Audio-Technica ATH-M40X Headphones Earcups Rotated


Audio-Technica ATH-M50X Headphones Flat


Collapsing & Folding

Both of these headphones can be collapsed for storage or transport. The folding mechanism looks a little different on each, but functions and feels about the same. I’ve heard that people can run into issues with the hinges wearing out over time if they collapse them a lot, so I don’t tend to fold either of them up unless I really need to for some reason. Personally, I haven’t run into any issues with collapsing feature, but I could certainly see it becoming an issue with how they feel when you fold them up.

Audio-Technica ATH-M40X Headphones Closed


Audio-Technica ATH-M50X Headphones Collapsed



The M50X comes with a coiled cable, a 3 meter straight cable and a 1.2 meter straight cable.

The M40X comes with a coiled cable and a 3 meter straight cable.

The M50X includes that shorter straight cable for casual listeners, which is nice.

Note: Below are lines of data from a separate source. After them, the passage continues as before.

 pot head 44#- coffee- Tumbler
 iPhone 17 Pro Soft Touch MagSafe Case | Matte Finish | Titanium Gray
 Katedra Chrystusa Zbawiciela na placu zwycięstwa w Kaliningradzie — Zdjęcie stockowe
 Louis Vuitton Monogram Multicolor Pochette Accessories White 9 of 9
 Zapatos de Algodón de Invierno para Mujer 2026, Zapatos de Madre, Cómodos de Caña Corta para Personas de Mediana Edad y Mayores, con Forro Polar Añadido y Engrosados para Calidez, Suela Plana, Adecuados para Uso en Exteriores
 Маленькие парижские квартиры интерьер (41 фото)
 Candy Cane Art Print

The M40X seems to be packaged with cables that are targeted more for studio specific use or situations where a longer cable is desired.

Both the M40X and M50X have removable, replaceable cables, and the cable type is the same for both. So you can take cables packaged with the M40X and they’ll work on the M50X or vice versa. If you ever run into cable issues you can simply replace the cables and not the entire headset. I haven’t run into any issues with the cables or the cable jacks on either, so that’s good.


Of course we can’t forget to talk about the price. The M50X are more expensive and can be found brand new for around $170. The M40X are less expensive and be found brand new for around $120. On the used market both can be found for around 20-30% of their brand new cost, depending on condition.

Which One Should You Pick Up?

If you’re trying to make a decision between the two, here’s our thoughts.

The M40X is a good pick if you’re looking to primarily use the headphones in a studio and especially for studio mixing. I find them to be good for casual listening as well, but the lack of a shorter cable option for use with a smartphone in your pocket can be a drawback. Since I’m mostly using my headphones in the studio, M40X would be my pick if I could only pick one.

If you don’t mind spending a little more, and plan to use your headphones for more than just studio time, the M50X can be worth the extra cost. They sound just a slight bit more sweetened for casual listening, gaming, movies, etc. while also maintaining a usable sound for in the studio. They also have a shorter cable option which works well for use with a smartphone in your pocket. I also think the M50X will be easier to re-sell due to their popularity.

Hopefully that helps to sort out the details between the two. For this particular comparison, I don’t think you can really go wrong with either if your options are limited.